··· Available data ···
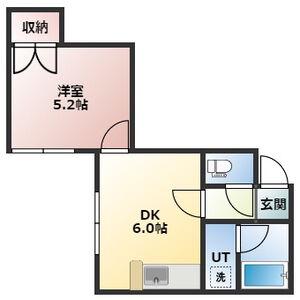 ピュアN11(1DK/2階)の間取り写真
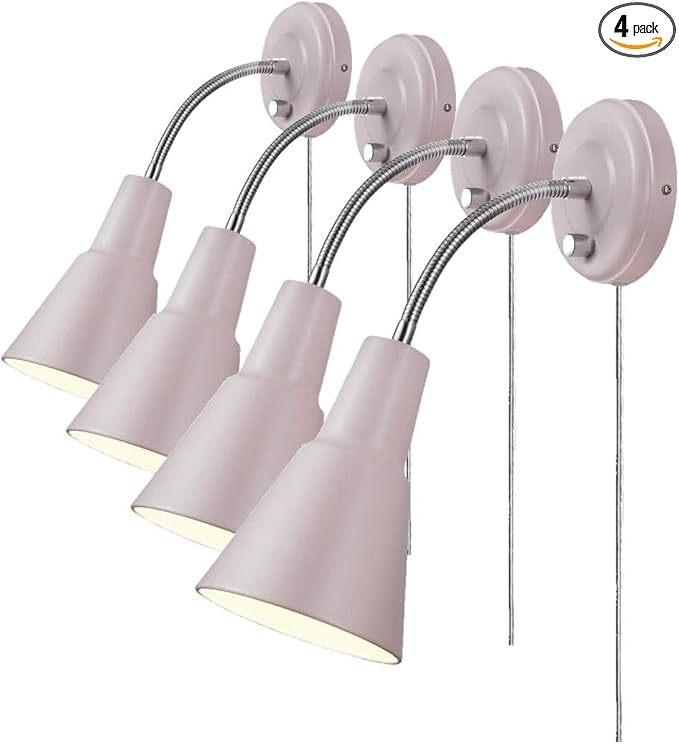 GLOBE Electric 13064 Sophie 1-Light Plug-in or Hardwire Wall Sconce, Chrome Gooseneck, Matte Rose, 6ft Clear Cord, Bulb Not Included (Pack of 4)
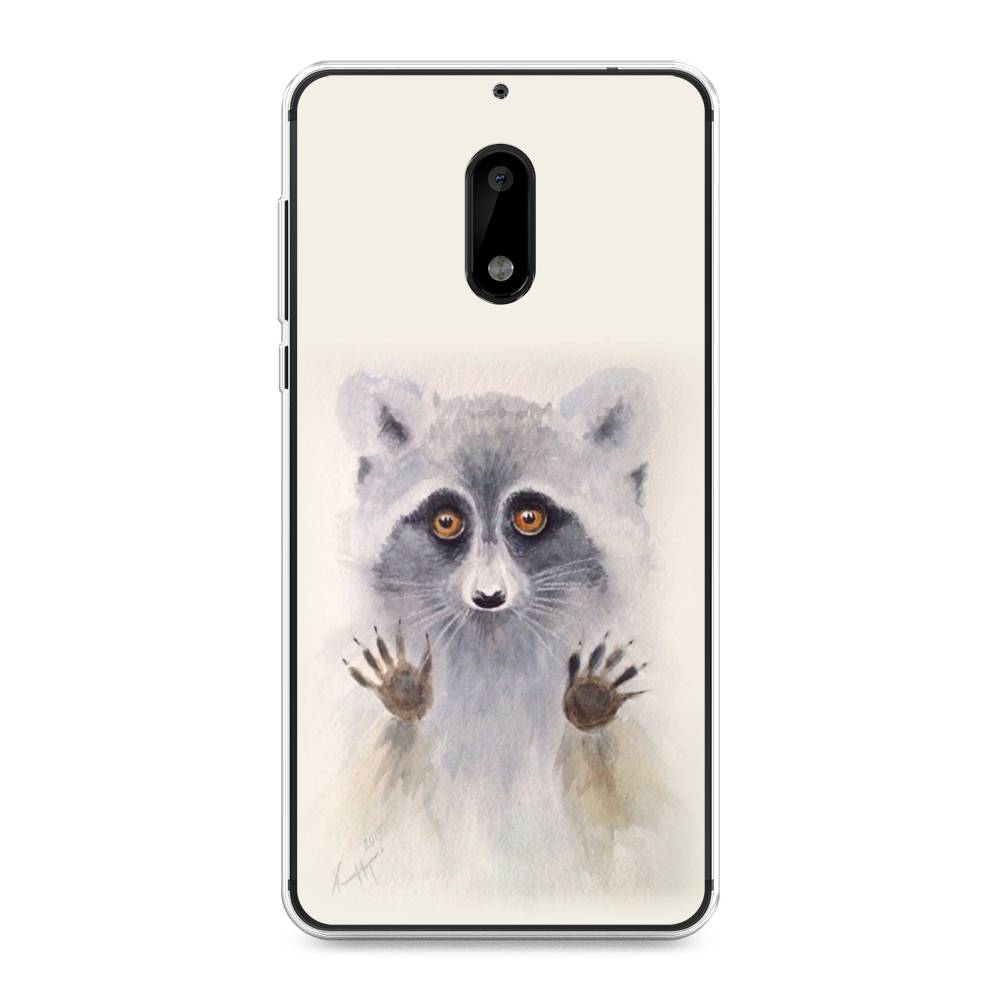 

Чехол на Nokia 6 "Енот за стеклом", Бежевый;серый, 120350-4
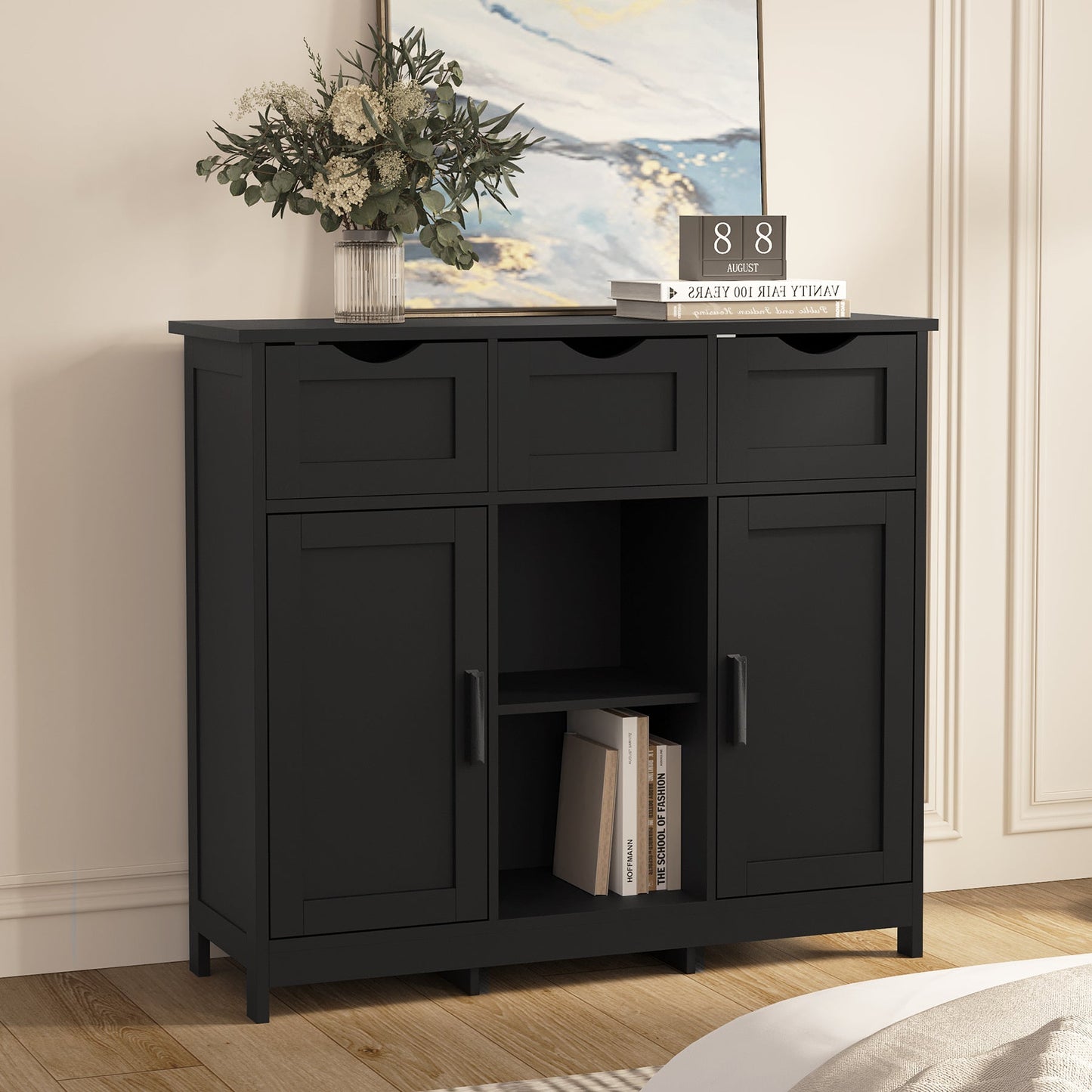 Wooden Storage Cabinet, w/ Drawers And Shelves BEUPFORLIFE.com
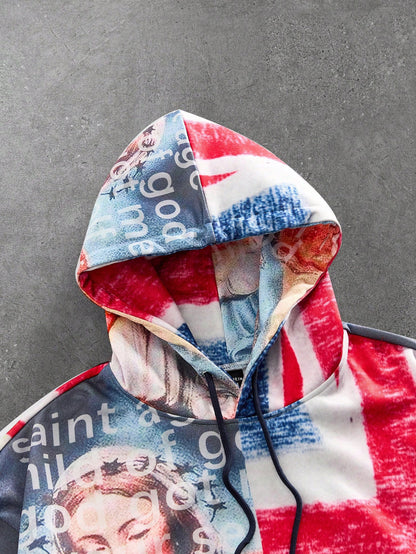 Men Digital Graphic Print Figure Hoodie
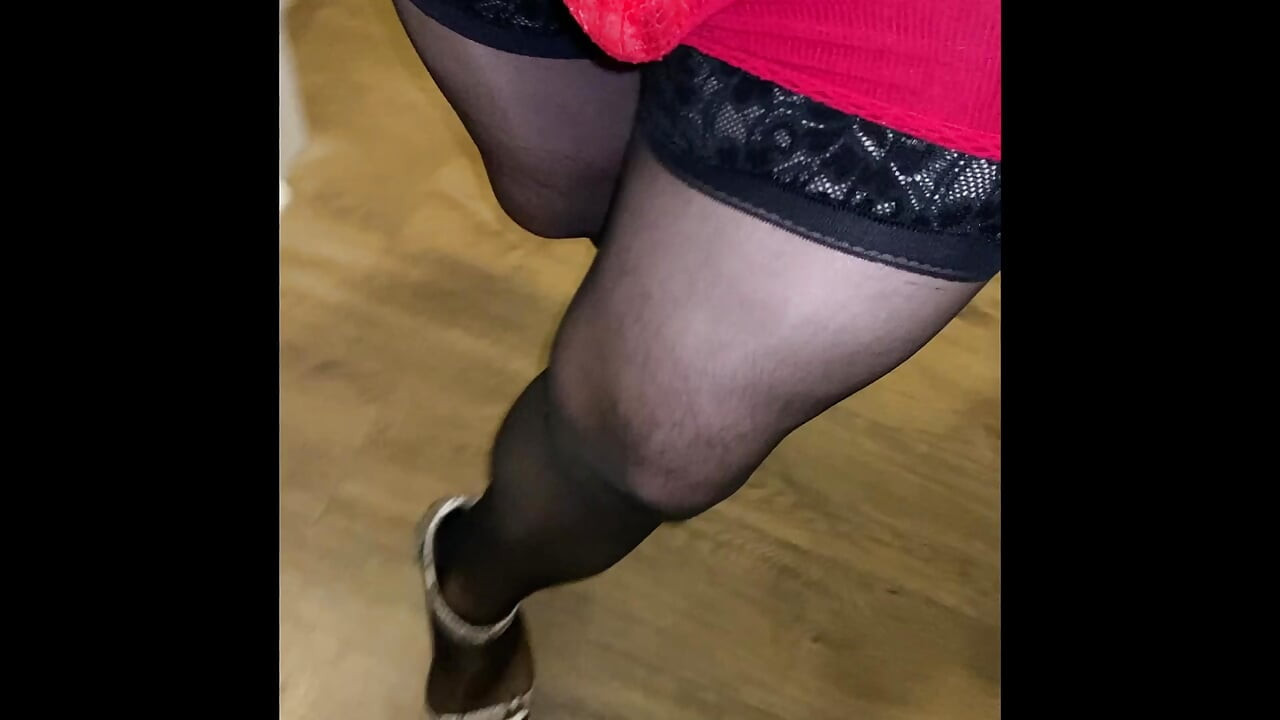 Mom Crossdresser Madison dressing in sexy outfits with thigh high hose stockings and heels and walks around showing off teasing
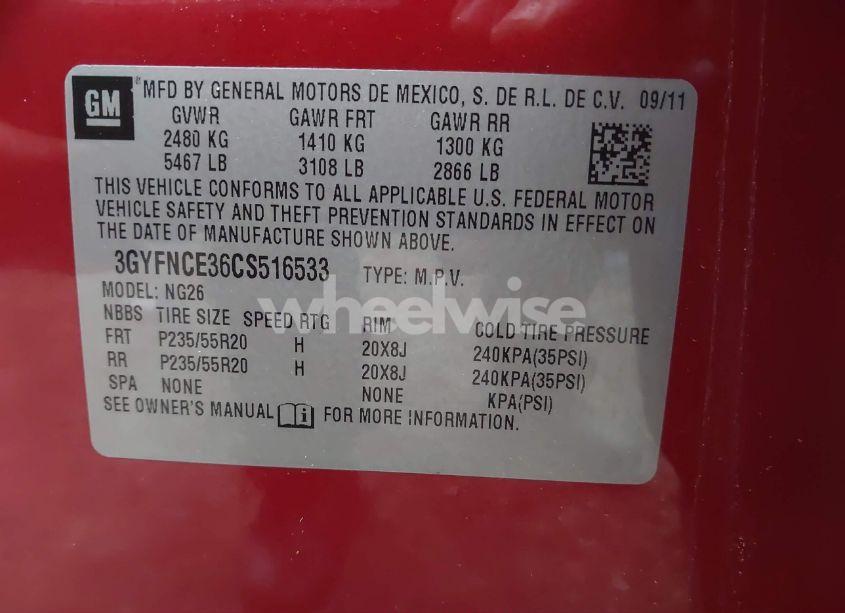 Photo 9 of 2012 Cadillac Srx PREMIUM COLLECTION (VIN 3GYFNCE36CS516533)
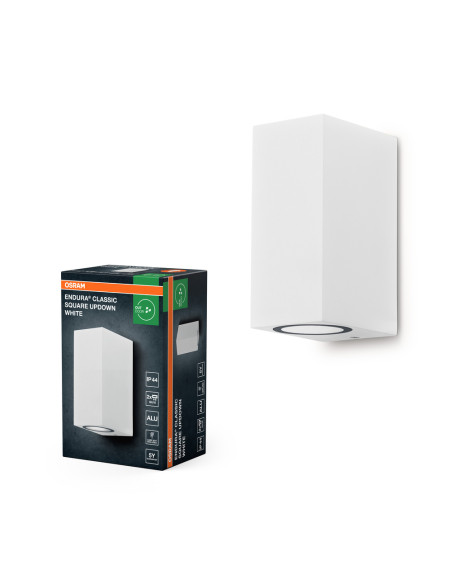 KINKIET ZEWNĘTRZNY ENDURA CLASSIC SQUARE UPDOWN GU10 IP44 WHITE 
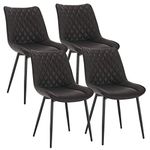 WOLTU Dining Chairs Set of 4 Kitchen Counter Chairs Lounge Leisure Living Room Corner Chairs Anthracite Leatherette Reception Chairs with Backrest and Padded Seat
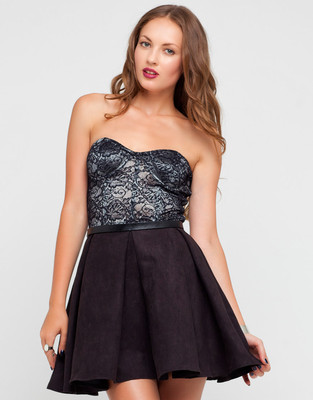 strapless open back dress Neon Fishnet Dress – Ragstock main image 1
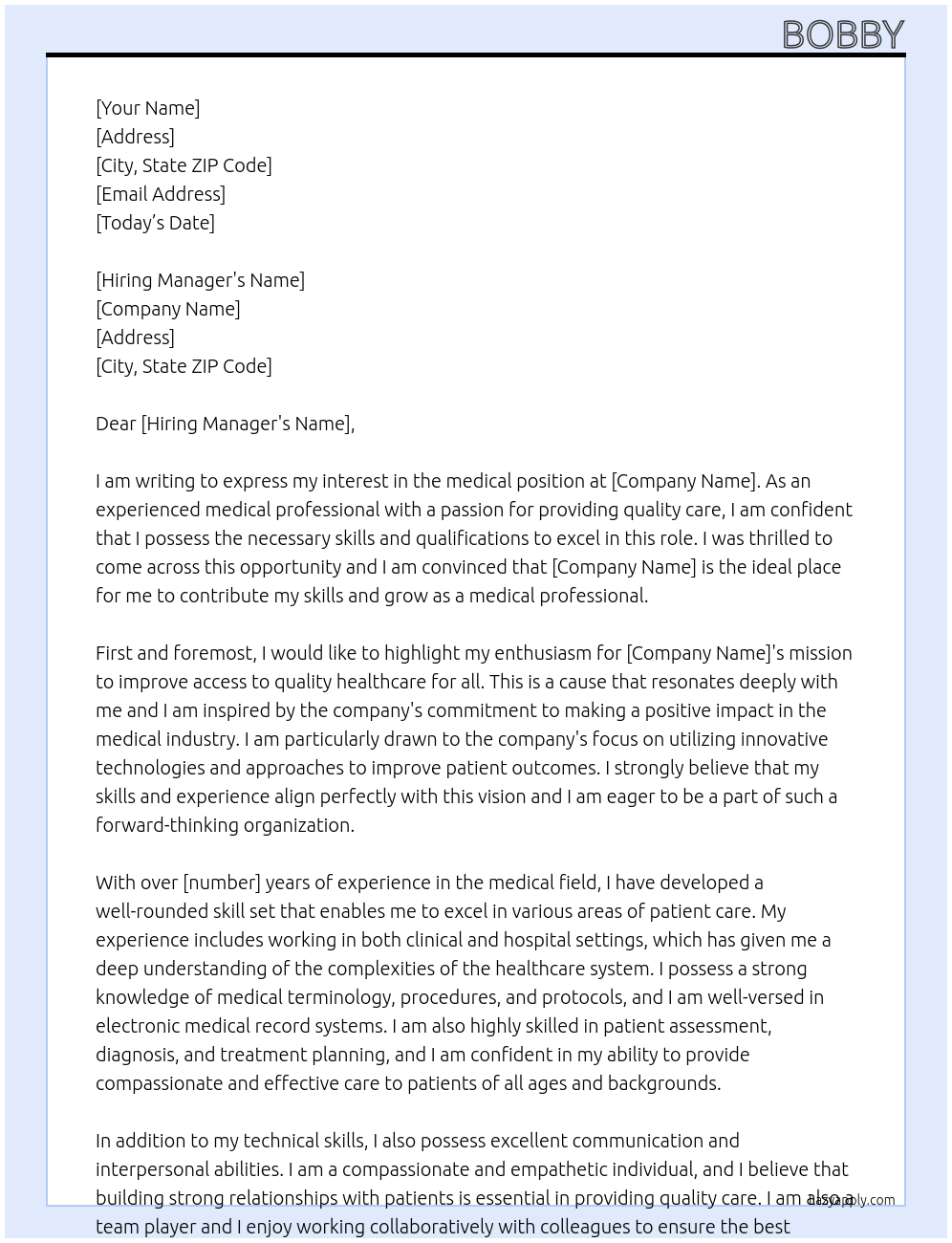 medical At medical Cover Letter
···
What the exercise asks:
Reproduce every record word for word. The copy must contain no pictures.

Written reply:
 ピュアN11(1DK/2階)の間取り写真
 GLOBE Electric 13064 Sophie 1-Light Plug-in or Hardwire Wall Sconce, Chrome Gooseneck, Matte Rose, 6ft Clear Cord, Bulb Not Included (Pack of 4)

Чехол на Nokia 6 "Енот за стеклом", Бежевый;серый, 120350-4
 Wooden Storage Cabinet, w/ Drawers And Shelves BEUPFORLIFE.com
 Men Digital Graphic Print Figure Hoodie
 Mom Crossdresser Madison dressing in sexy outfits with thigh high hose stockings and heels and walks around showing off teasing
 Photo 9 of 2012 Cadillac Srx PREMIUM COLLECTION (VIN 3GYFNCE36CS516533)
 KINKIET ZEWNĘTRZNY ENDURA CLASSIC SQUARE UPDOWN GU10 IP44 WHITE 
 WOLTU Dining Chairs Set of 4 Kitchen Counter Chairs Lounge Leisure Living Room Corner Chairs Anthracite Leatherette Reception Chairs with Backrest and Padded Seat
 strapless open back dress Neon Fishnet Dress – Ragstock main image 1
 medical At medical Cover Letter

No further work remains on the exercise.